Laundry was done in a very cold outhouse with three wooden walls which did not reach the ground. This allowed the buckets of water to be used to scrub the floor and the water to flow out to the drain. Monday, washday was hard work for my mother. Water had to be hand pumped, heated, by lighting a fire under the copper, put into large tin baths, one of hot and one of cold water on an old wooden bench where she did all the washing. She then put it through a mangle which had 2 wooded rollers, turned by hand, to squeeze the water out before putting it on the line. Sheets, towels, overalls, clothes had to be washed by hand then rinsed in cold water and hung out. Also, white washing was put into a blue bath and all collars and tablecloths were starched. My father had to ensure that there were no animals in the paddock with the washing lines. When it was dry then the ironing was done on the kitchen table which was covered by several blankets topped with a sheet. Cast Iron flat irons were heated over the kitchen fire and the marathon ironing process started. Clothes were then put in an oven at the side of the grate to air or on a wooden clothes horse round the fire. We did not see the fire on a Monday evening.

The copper was also filled and a fire lit underneath to heat the water for bathing once a week on a Saturday night. Then the hot the water was carried to the kitchen where a tin bath was put in front of the fire. I bathed first as I was youngest, I was then sent to bed. My sister was next, then my mother and father.

For the first 8 years of my life we had no electricity. My mother cooked on a paraffin stove which had 3 burners and an oven. Our light was a single paraffin lamp in the middle of the kitchen table. To go to another room or to bed we carried small paraffin lamps or candles which were put out immediately I was in bed. Dad used to take paraffin hurricane lamps round the farm.

Our entertainment was a big radio on the kitchen cupboard. We could get the Light Programme (now Radio 2) and the Home Service (now Radio 4). Our parents chose the programme. The radio was powered by a large battery called an accumulator. This was swapped fortnightly by a man who came in a van, swopped and recharged the battery. We had our first television in 1961 when I was 17 – after I had left school.
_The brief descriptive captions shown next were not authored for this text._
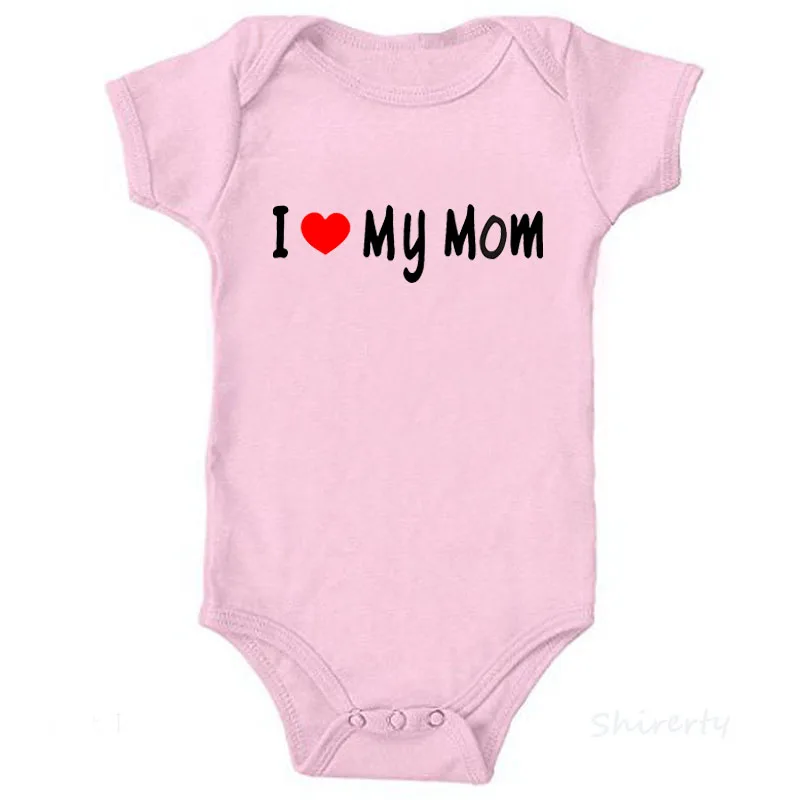 Боди для малышей с надписью «I Love My Mom», Одежда для новорожденных мальчиков и девочек, хлопковый комбинезон с короткими рукавами и круглым вырезом, летняя одежда для малышей 0-24 месяцев - Цвет: Розовый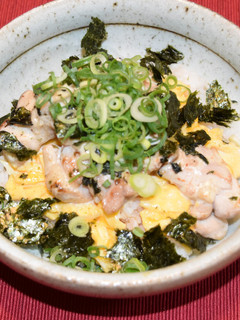 梅の風味が美味♪鶏マヨ丼-レシピのメイン写真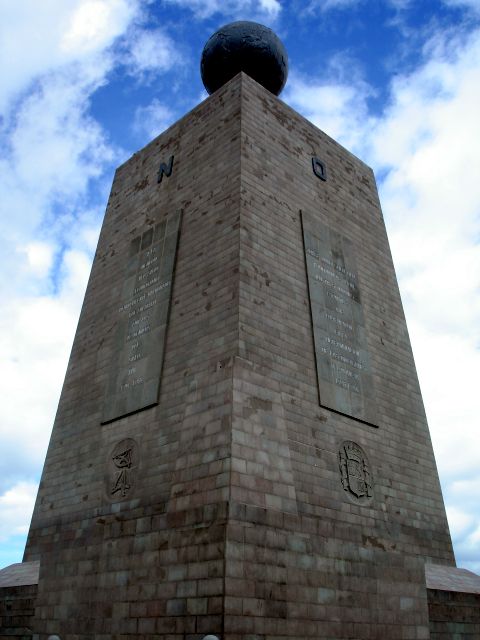 mitad_del_mundo2.jpg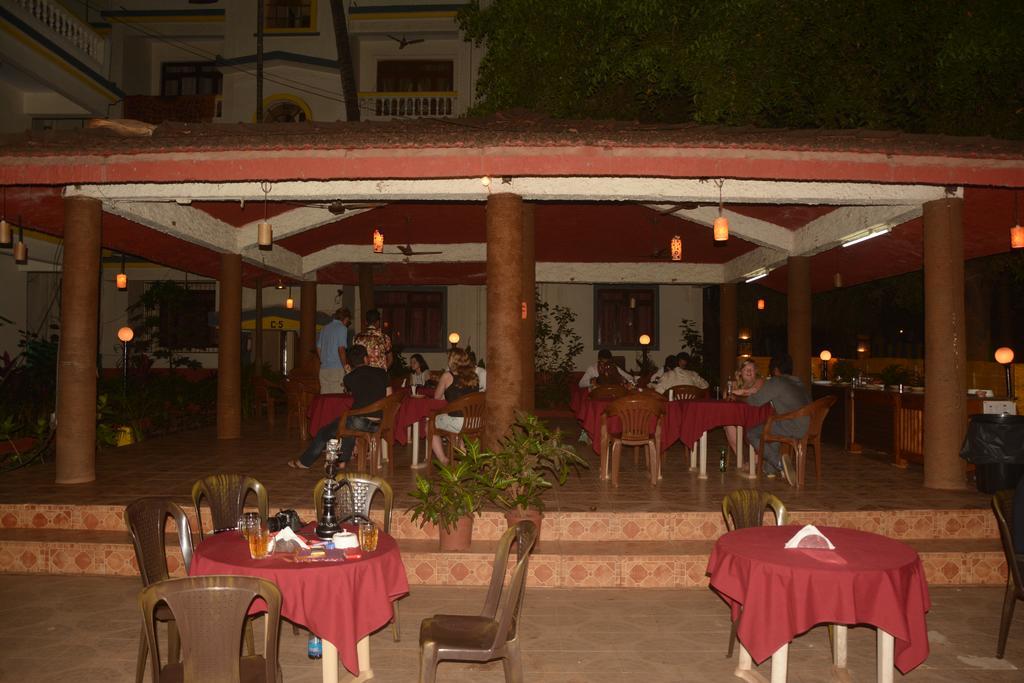 Colonia De Braganza Resorts Калангуте Екстериор снимка
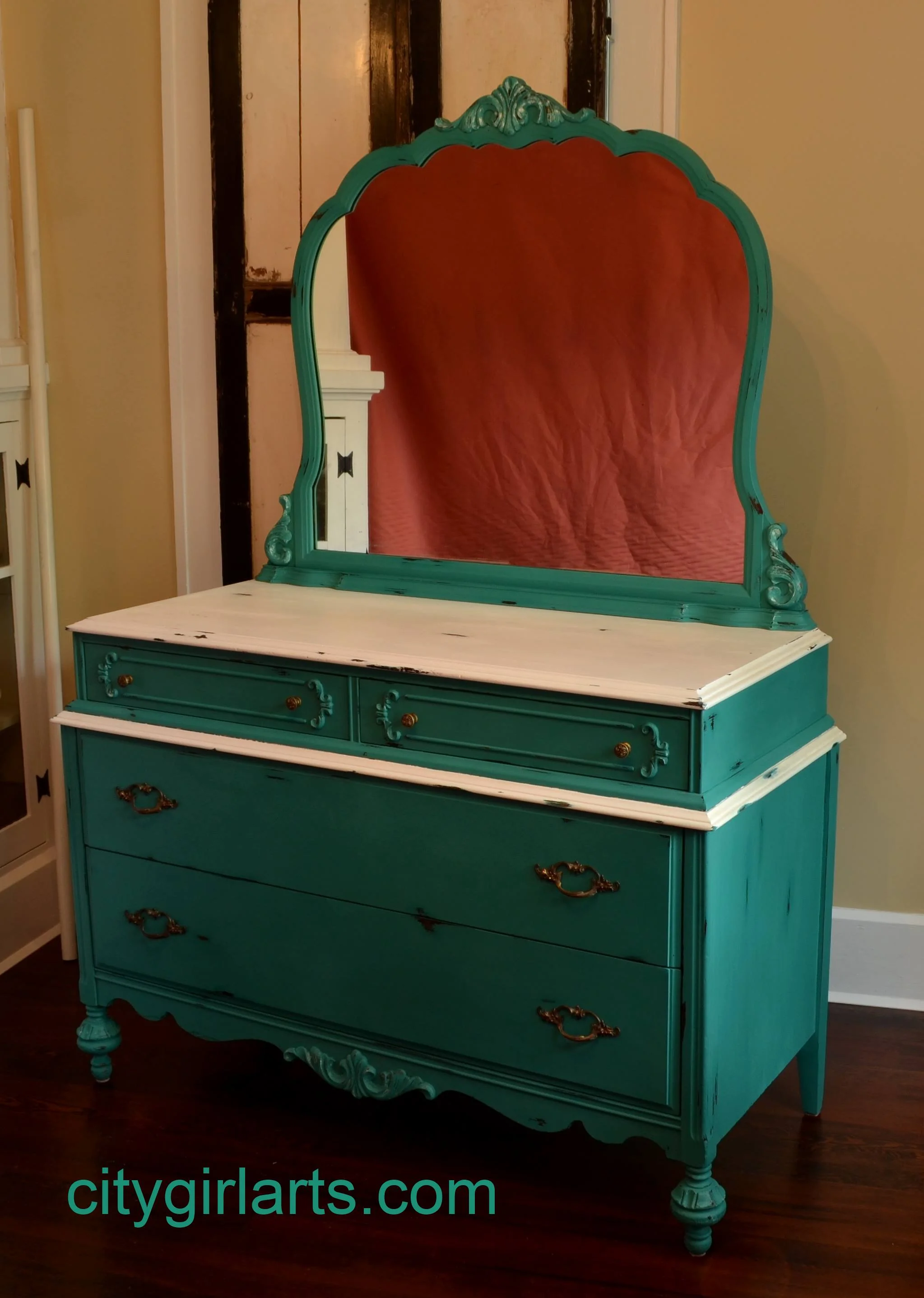 Flourish Dresser: Fanciful & Flirtatious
It was thought it would distract me from my homework! Three houses in the village had the first black and white TVs installed for the Coronation of Queen Elizabeth II in June 1953.

Electricity transformed our life. We had centre lights in every room, an electric cooker, kitchen water heater fitted on the wall over the sink, a washing machine which also heated the water and had an electrically powered ringer over it. Upstairs, the room was changed into a proper bathroom with a flush toilet, a plumbed in bath, a wash basin and large airing cupboard housing a tank and emersion heater!

On the wall of the kitchen, near the back door my father kept a 12 bore shot gun. I’ve always hated guns.

Church Farm – the farm

The farm was a 200 acre rented farm on the Elmore Court Estate. Half the land was behind the house and the other half behind the church, stretching to Velthouse Lane. My grandfather rented the farm from 1908 then my father took over when he married 1938. It was a mixed farm with about 15– 20 cows which were milked by hand until 1953 (when the electricity was installed).

I was born during the Second World War. At that time there were a lot of German prisoners of war held in Gloucester Gaol. They were brought out daily by bus to work on the farms. I do not remember them but I do remember the toy they made for me. They brought their own lunch and sat in an outhouse which we called the “Wood House”. In here my parents stored all the logs for the fire and my father stored all his tools and work bench. The two prisoners made me a wooden disc with a handle, like a table tennis bat, with pecking hens on it and they made a goose with wheels on and its wings flapped when pushed for my sister. I don’t know how these toys were coloured but somehow they coloured the wood without any paints. These toys were treasured as we had very few toys as most things were either rationed or just not available after the war.